Category: Weird Science

Do You Believe in what you can not see?

If Dark Matter Can’t Be Seen, What About Ghosts?

Every ghostly horror movie has “the scene.”

It usually comes early in the story, like in The Sixth Sense: The protagonist walks into a room, like the kitchen, and all the cabinets and drawers are open. He’s puzzled. He doesn’t remember leaving it this way. So, he closes all the doors and all the drawers and walks out. A minute later he comes back in — and everything’s open again.

Waaahh!!!!

According to a Harris poll in 2013, about 45 percent of people believe in ghosts. In that same poll, almost 30 percent of the respondents said they believed that they’d personally been in the presence of a ghost.

When I poked around looking for “real ghost stories,” I found many accounts like the classic scene described above. You can’t “see” the ghost, but you know it’s there. They mess with the things you can see.

Most scientists, myself included, are pretty skeptical of ghost stories. But after attending a recent lecture on the “dark universe,” I got to thinking: How are we physicists different from anyone else telling ghost stories?

Let me explain.

Over the last few decades, scientists have built a new picture of the universe where about 95 percent of its stuff comes in a “dark” form (27 percent being dark matter and 68 percent being dark energy).
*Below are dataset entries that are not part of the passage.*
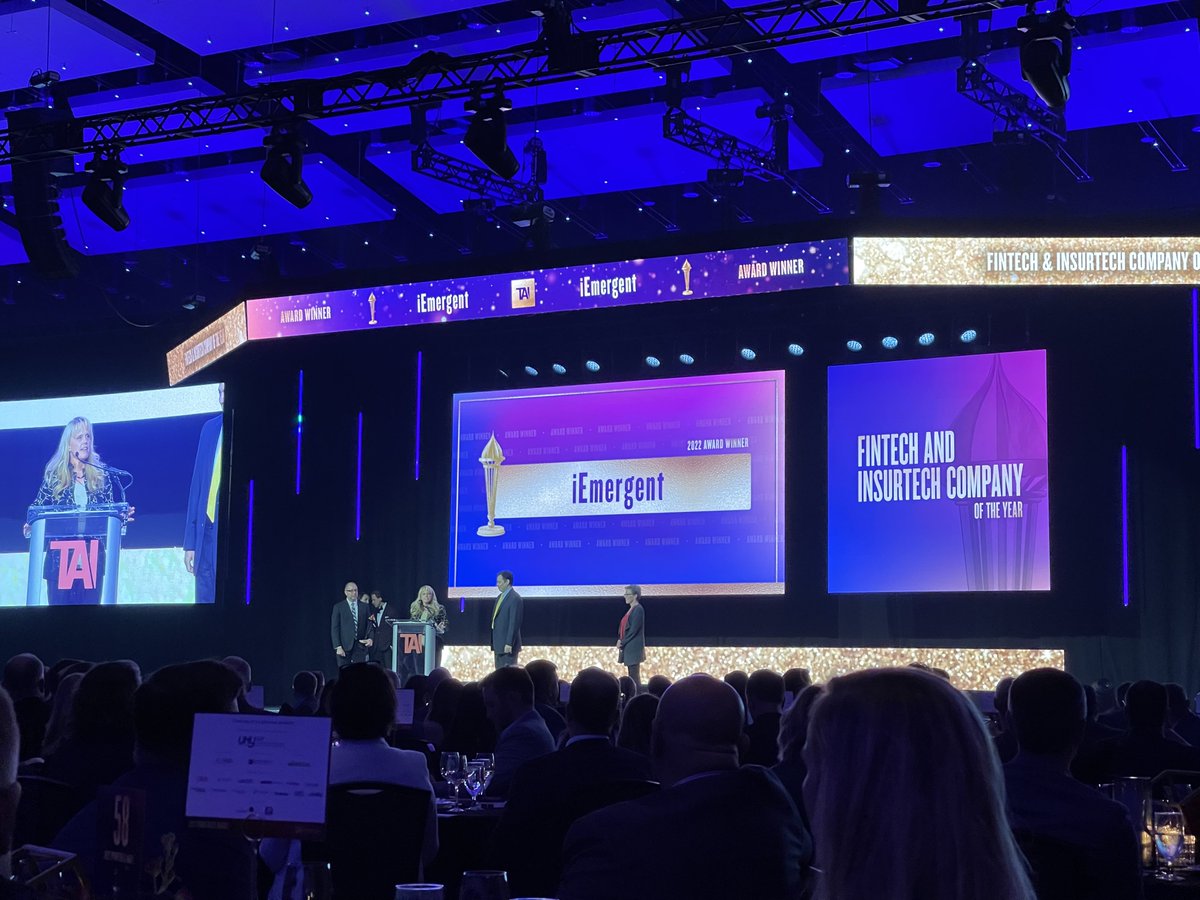 HornIT's tweet image. The #Prometheus2022 Fintech &amp;amp; Insurtech Company of the Year award goes to iEmergent! 

Congrats to our friends at @stratafolio for being a nominee!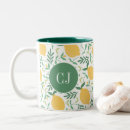 Search for colorful tropical mugs Monogrammed
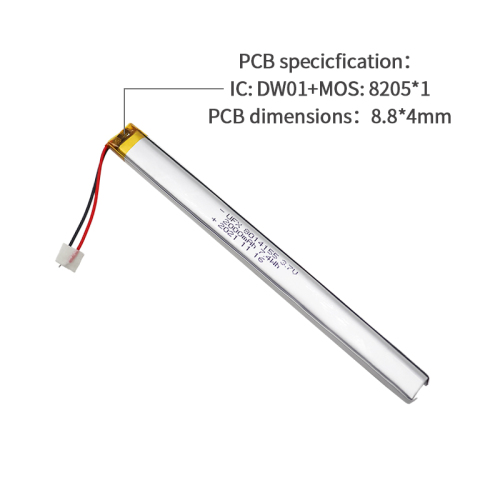 Li-polymer Manufacturer Professional Custom LED Light Battery UFX 8014155 2000mAh 3.7V Rechargeable Battery Pack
But what exactly do physicists mean when they talk about something being “dark?”

Well, basically, they mean the dark stuff acts a lot like a ghost in a horror movie. You can’t see the dark matter and dark energy — but you know it’s with you because it messes with the things you can see.

It’s important to understand that dark matter and dark energy are different “things,” in the sense we’ve inferred their existence through different kinds of phenomena. This means they go bump in the night with stuff we can see in different ways.

Dark matter was discovered decades before dark energy by looking at how galaxies rotate. It was Vera Rubin’s famous work in the 1970s that showed pretty much all spiral galaxies were spinning way too fast to be accounted for by the gravitational pull of the their “luminous” matter (the stuff we see in a telescope). Rubin and others reasoned there had to be a giant sphere of invisible stuff surrounding the stars in these galaxies, tugging on them and speeding up their orbits around the galaxy’s center.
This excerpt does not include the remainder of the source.